Every line from the one with "Unicycle bicycle one" to the end of the listing below must be printed exactly, with no other text and no pictures.

INPUT MATERIAL =>
--------

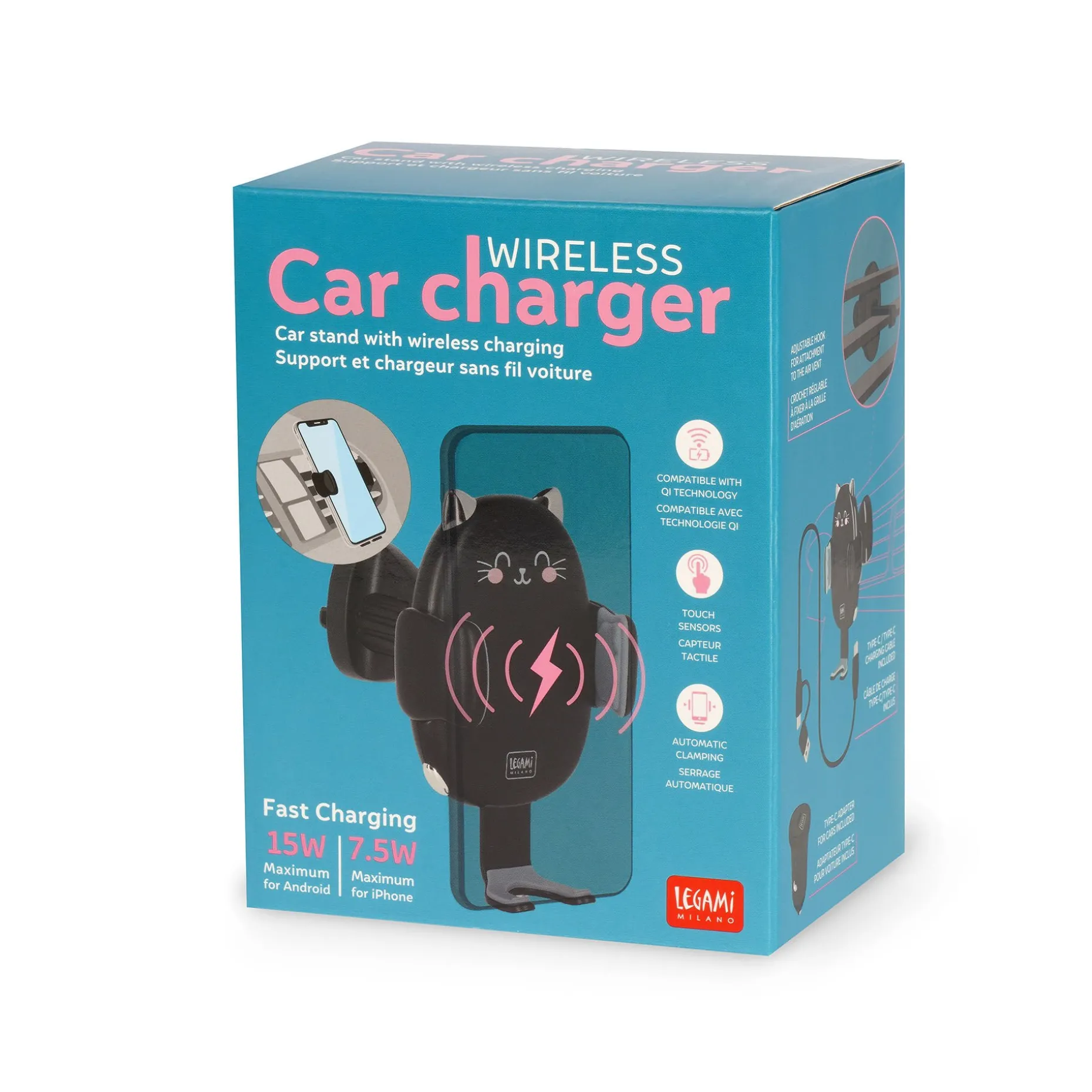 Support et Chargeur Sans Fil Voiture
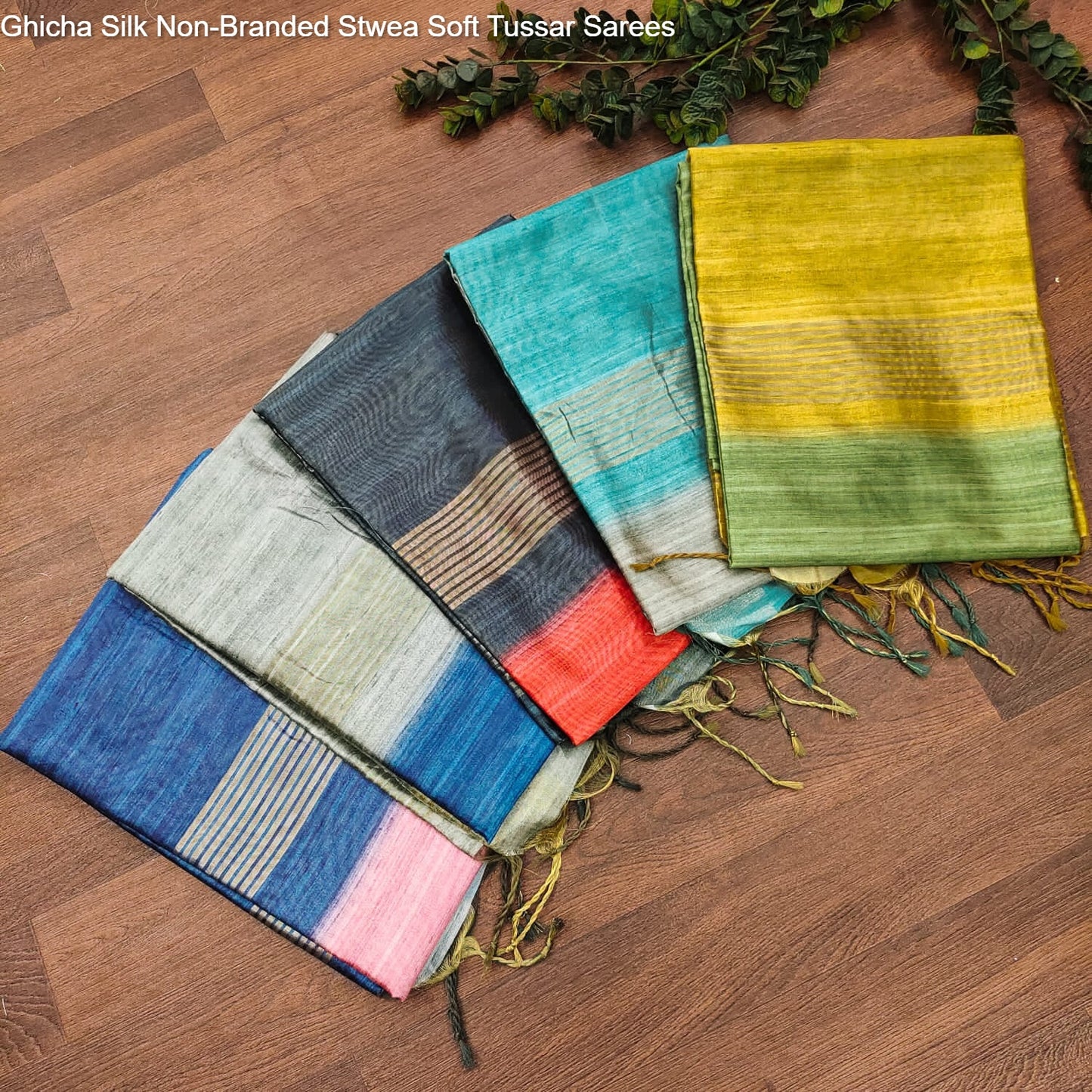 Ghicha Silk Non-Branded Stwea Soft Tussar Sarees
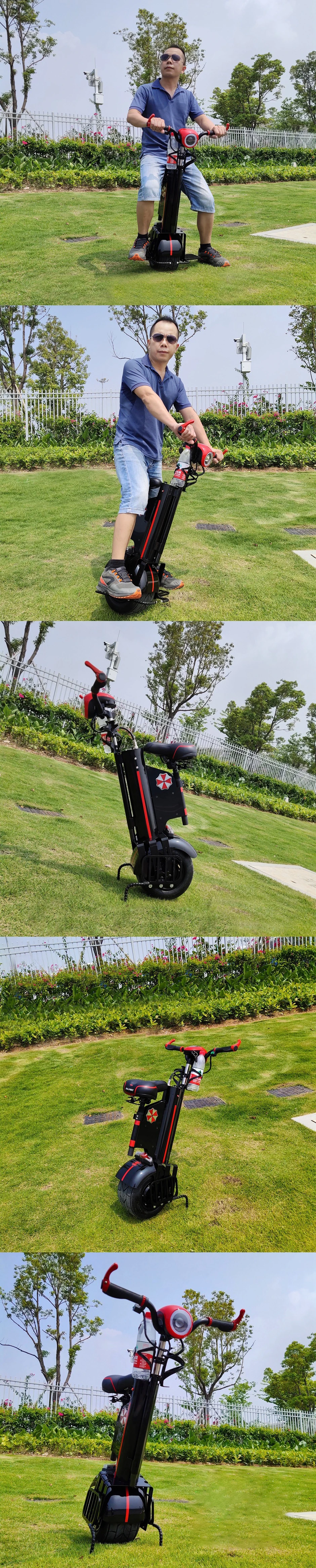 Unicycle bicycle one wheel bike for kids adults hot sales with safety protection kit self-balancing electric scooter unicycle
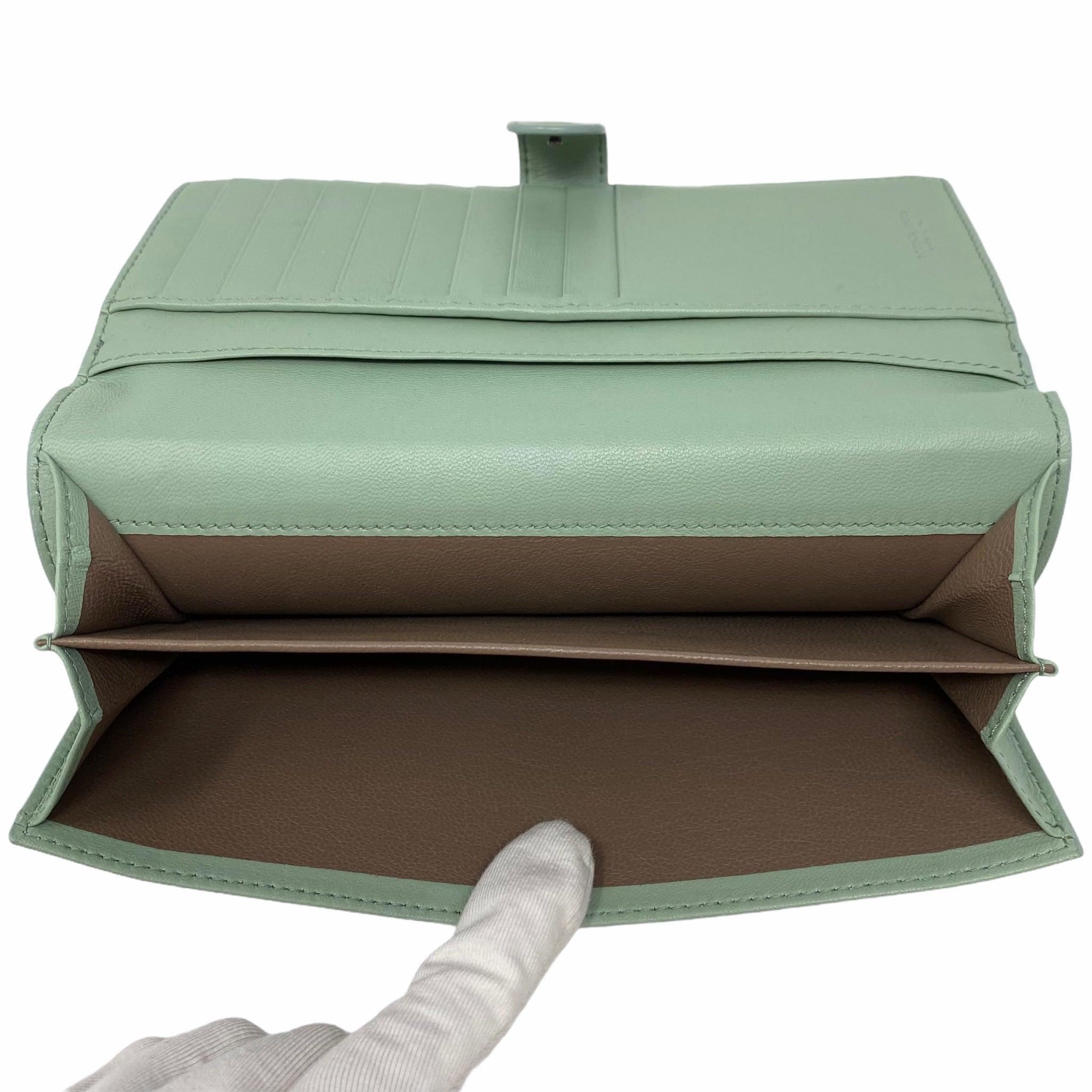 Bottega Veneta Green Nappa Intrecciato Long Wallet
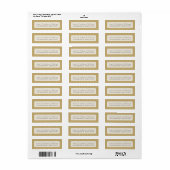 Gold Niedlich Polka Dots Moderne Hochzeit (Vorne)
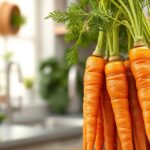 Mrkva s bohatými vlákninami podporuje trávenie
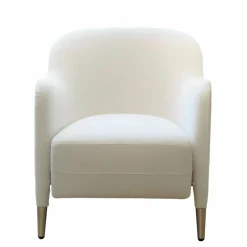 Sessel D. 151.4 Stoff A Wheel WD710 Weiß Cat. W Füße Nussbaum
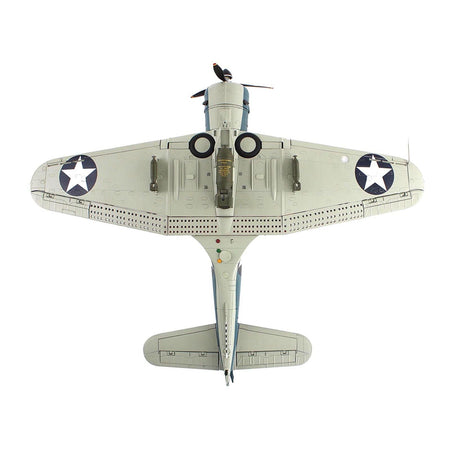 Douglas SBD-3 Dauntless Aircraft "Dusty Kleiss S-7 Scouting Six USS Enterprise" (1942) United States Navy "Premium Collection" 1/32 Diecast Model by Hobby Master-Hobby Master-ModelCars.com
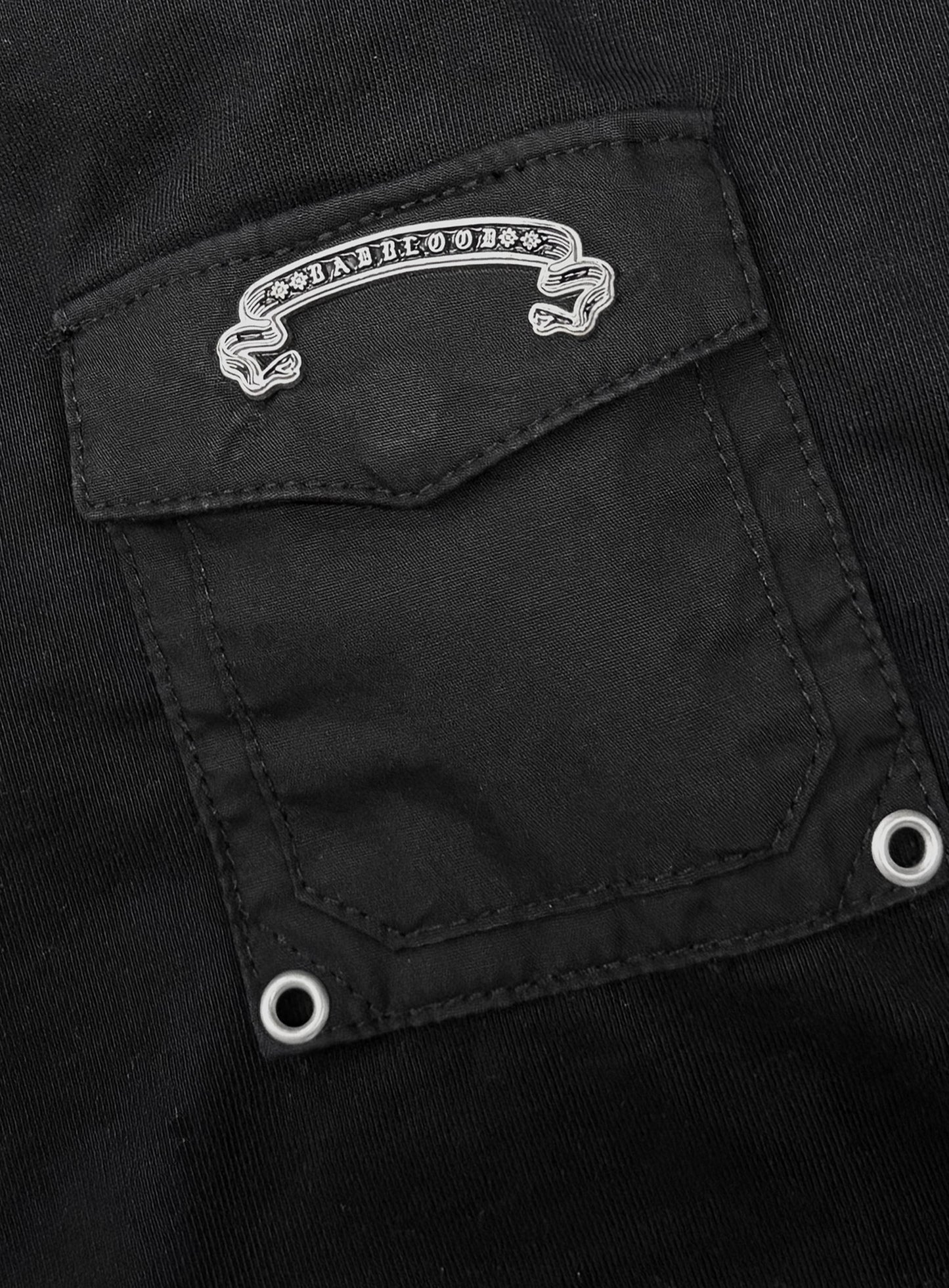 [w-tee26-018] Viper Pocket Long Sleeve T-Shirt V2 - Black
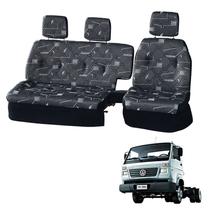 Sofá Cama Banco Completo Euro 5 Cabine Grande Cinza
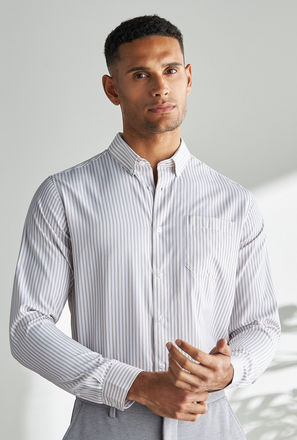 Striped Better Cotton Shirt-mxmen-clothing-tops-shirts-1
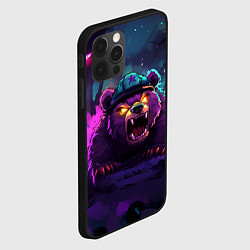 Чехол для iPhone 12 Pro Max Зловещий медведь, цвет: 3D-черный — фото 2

--------

SOLVED PROBLEM =>
 Unicycle bicycle one wheel bike for kids adults hot sales with safety protection kit self-balancing electric scooter unicycle
 Bottega Veneta Green Nappa Intrecciato Long Wallet
 Gold Niedlich Polka Dots Moderne Hochzeit (Vorne)
 Mrkva s bohatými vlákninami podporuje trávenie
 Sessel D. 151.4 Stoff A Wheel WD710 Weiß Cat. W Füße Nussbaum
 Douglas SBD-3 Dauntless Aircraft "Dusty Kleiss S-7 Scouting Six USS Enterprise" (1942) United States Navy "Premium Collection" 1/32 Diecast Model by Hobby Master-Hobby Master-ModelCars.com
 [w-tee26-018] Viper Pocket Long Sleeve T-Shirt V2 - Black
 Sofá Cama Banco Completo Euro 5 Cabine Grande Cinza
 Striped Better Cotton Shirt-mxmen-clothing-tops-shirts-1
 Чехол для iPhone 12 Pro Max Зловещий медведь, цвет: 3D-черный — фото 2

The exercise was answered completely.